Question

Rod A of mass m, length $l$ and coefficient of thermal coefficient $\alpha$ is joined with Rod B of mass 2m, length $l$ and coefficient of thermal expansion $\frac{\alpha}{3}$. Rods are kept on smooth floor. If temperature of rods is increased by $\Delta T$, then junction of the rods shifts by distance $\frac{\alpha l \Delta T}{n}$, Find value of n.

Answer 1

18

Answer 2

Solution:

Let the initial positions be such that rod A extends from 0 to $l$ (with mass $m$) and rod B from $l$ to $2l$ (with mass $2m$). When heated by $\Delta T$:

1. Expansion of lengths:

   • Rod A expands from $l$ to $$l_A = l(1+\alpha\Delta T).$$
   • Rod B expands from $l$ to $$l_B = l\left(1+\frac{\alpha}{3}\Delta T\right).$$

2. Displacements:

   Let $u$ be the displacement of the free (left) end of rod A, $s$ the displacement of the junction (which is common to both rods) and $v$ the displacement of the free (right) end of rod B. Then

   $$s - u = l + \alpha l\Delta T \quad \text{(rod A)}$$

   and

   $$v - s = l + \frac{\alpha l\Delta T}{3} \quad \text{(rod B)}.$$

3. Conservation of center of mass (COM):

   Since the floor is smooth, no external horizontal force acts; hence the overall COM remains fixed.

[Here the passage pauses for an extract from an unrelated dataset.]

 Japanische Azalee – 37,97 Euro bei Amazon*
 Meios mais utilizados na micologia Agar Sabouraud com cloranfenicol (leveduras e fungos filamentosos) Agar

The new COM positions of the rods (being uniform) are the averages of their endpoints:

   $$\text{COM}_A = \frac{u+s}{2},\quad \text{COM}_B = \frac{s+v}{2}.$$

   The overall COM of the system (total mass $3m$) must equal its initial value:

   $$\frac{m\frac{(u+s)}{2} + 2m\frac{(s+v)}{2}}{3m} = \text{constant}.$$

   Initially, COM of rod A is $\frac{l}{2}$ and rod B is $\frac{3l}{2}$, so overall COM is:

   $$\frac{m\frac{l}{2} + 2m\frac{3l}{2}}{3m} = \frac{\frac{l}{2}+3l}{3} = \frac{7l}{6}.$$

4. Expressing endpoints in terms of $s$:

   From the expansion conditions:

   $$u = s - \left(l+\alpha l\Delta T\right),$$ $$v = s + \left(l+\frac{\alpha l\Delta T}{3}\right).$$

5. Setting up COM conservation:

   The new overall COM is

   $$\frac{1}{6}\left[(u+s) + 2(s+v)\right] = \frac{1}{6}\Bigl[ \bigl(s - (l+\alpha l\Delta T) + s\bigr) + 2\Bigl(s+s + l+\frac{\alpha l\Delta T}{3}\Bigr)\Bigr].$$

   Simplify step‐by‐step:

   $$u+s = 2s - \left(l+\alpha l\Delta T\right),$$ $$2(s+v) = 2\left(2s + l+\frac{\alpha l\Delta T}{3}\right) = 4s + 2l + \frac{2\alpha l\Delta T}{3}.$$

   Therefore,

   $$\text{New COM} = \frac{6s + l - \frac{\alpha l\Delta T}{3}}{6} = s + \frac{l}{6} - \frac{\alpha l\Delta T}{18}.$$

   Equating to the initial COM:

   $$s + \frac{l}{6} - \frac{\alpha l\Delta T}{18} = \frac{7l}{6}.$$

   Solve for $s$:

   $$s = \frac{7l}{6} - \frac{l}{6} +\frac{\alpha l\Delta T}{18} = l + \frac{\alpha l\Delta T}{18}.$$

6. Junction shift:

   The junction originally was at $x=l$ and now is at

   $$s = l + \frac{\alpha l\Delta T}{18}.$$

   So the shift is

   $$\Delta x = \frac{\alpha l\Delta T}{18}.$$

   Comparing with the given form $\frac{\alpha l\Delta T}{n}$, we identify

   $$n = 18.$$

Explanation (minimal):

• Write expansion conditions: $s-u = l+\alpha l\Delta T$ and $v-s = l+\frac{\alpha l\Delta T}{3}$.
• Express endpoints $u$ and $v$ in terms of $s$.
• Use COM conservation: $$\frac{(u+s) + 2(s+v)}{6} = \frac{7l}{6}.$$
• Solve to obtain $s = l + \frac{\alpha l\Delta T}{18}$.
• Thus, junction shift $=\frac{\alpha l\Delta T}{18}$ implying $n=18$.